In the talk, Darran and Glenda spoke to TRAIL’s iterative development. Traditionally museum software development follows the same model used in exhibit fabrication, one of thorough design, followed by client sign-off, and finally build to spec. This architectural model makes perfect sense in the physical realm. You couldn’t very well design and build a full-scale mockup of an exhibition, assess it, and then decide to start over. But software is different. Good software is modular and amenable to reuse. The benefits of quickly coding up a minimally-functional version of an interactive to test assumptions and gain important user feedback far outweigh any ‘throw-away’ costs involved. We used this approach extensively in TRAIL’s development, carrying out dozens of filmed tests along the way that the MoAD/EDM team reviewed during our bi-weekly ‘design direction’ meetings.

Iterative development embraces testing, using relatively-short repeated cycles of design, programming and testing to … well, iterate … towards the project goal. Of course, knowing what your goals are is critical, and, while the above challenges provide a high-level summary, they are far too general to be useful on a day-to-day assessment basis. Enter ‘User Stories’.

User Stories are short statements that describe a software system requirement. Each user story is limited to one or two sentences that fit on a small paper card. They are written by the client and represent one of the most significant means of influencing software development. Stories are written in plain English from the perspective of a stakeholder (Presenter/Docent, Teacher, Student, Public Visitor), have a context that sets the scene, an explanation of how the scenario plays out, and a reason for wanting it. Here’s an example:

Story 4: As a Presenter, when a group arrives late, I want to easily set the duration of the exhibition experience in order to ensure that the group leaves the exhibition on time.

This story is obviously borne out of experience. While a timed experience might work for the bulk of visitors, at MoAD some school groups show up late, and program length needs to adjust to take this into account. What can we notice about this specific story? First, there is no mention of implementation details. This is extremely important, as it allows the client (who is typically not technologically-savvy) to author software requirements as an equal.
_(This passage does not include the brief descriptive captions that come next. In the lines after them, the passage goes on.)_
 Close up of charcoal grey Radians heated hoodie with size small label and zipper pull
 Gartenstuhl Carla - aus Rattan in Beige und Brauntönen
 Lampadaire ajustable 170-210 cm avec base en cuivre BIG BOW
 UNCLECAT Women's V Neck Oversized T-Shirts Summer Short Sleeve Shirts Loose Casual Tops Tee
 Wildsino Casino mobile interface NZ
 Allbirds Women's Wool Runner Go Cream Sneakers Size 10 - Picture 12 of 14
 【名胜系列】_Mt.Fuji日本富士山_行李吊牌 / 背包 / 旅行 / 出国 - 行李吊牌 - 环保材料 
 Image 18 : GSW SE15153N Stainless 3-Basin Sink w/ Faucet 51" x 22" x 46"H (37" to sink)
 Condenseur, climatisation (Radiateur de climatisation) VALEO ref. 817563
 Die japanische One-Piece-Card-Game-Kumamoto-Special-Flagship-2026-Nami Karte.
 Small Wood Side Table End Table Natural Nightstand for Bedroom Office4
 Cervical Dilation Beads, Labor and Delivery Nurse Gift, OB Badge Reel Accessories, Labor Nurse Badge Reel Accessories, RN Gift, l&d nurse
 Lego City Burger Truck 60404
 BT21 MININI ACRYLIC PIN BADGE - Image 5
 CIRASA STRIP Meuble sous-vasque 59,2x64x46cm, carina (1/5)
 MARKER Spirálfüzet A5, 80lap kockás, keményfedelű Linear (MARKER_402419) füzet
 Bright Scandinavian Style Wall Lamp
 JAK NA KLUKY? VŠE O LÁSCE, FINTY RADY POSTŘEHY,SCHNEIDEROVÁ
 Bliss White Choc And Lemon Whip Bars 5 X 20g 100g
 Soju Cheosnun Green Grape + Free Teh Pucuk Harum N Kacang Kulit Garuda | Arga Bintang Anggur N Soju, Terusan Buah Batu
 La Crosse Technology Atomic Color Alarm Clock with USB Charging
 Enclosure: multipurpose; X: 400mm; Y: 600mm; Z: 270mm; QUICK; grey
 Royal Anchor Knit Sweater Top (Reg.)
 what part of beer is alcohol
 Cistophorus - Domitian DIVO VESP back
At MoAD, once stakeholders understood the format and value of User Stories, they literally poured in … and continued to do so throughout the development process. Second, the story can be tested. When the final system appears, we can check: does TRAIL fulfil Story #4? Third, the story has been given a priority by the client. The realities of time and budget mean that not all stories will be implemented – priorities ensured that EDM spent the bulk of its efforts solving problems that the client identified as important.

Iterative Development and User Stories are two examples of the agile-software approach that MoAD and EDM took on this project. Judging from MuseumNext audience positive feedback, we might just see more museum software projects using this development methodology in the near future.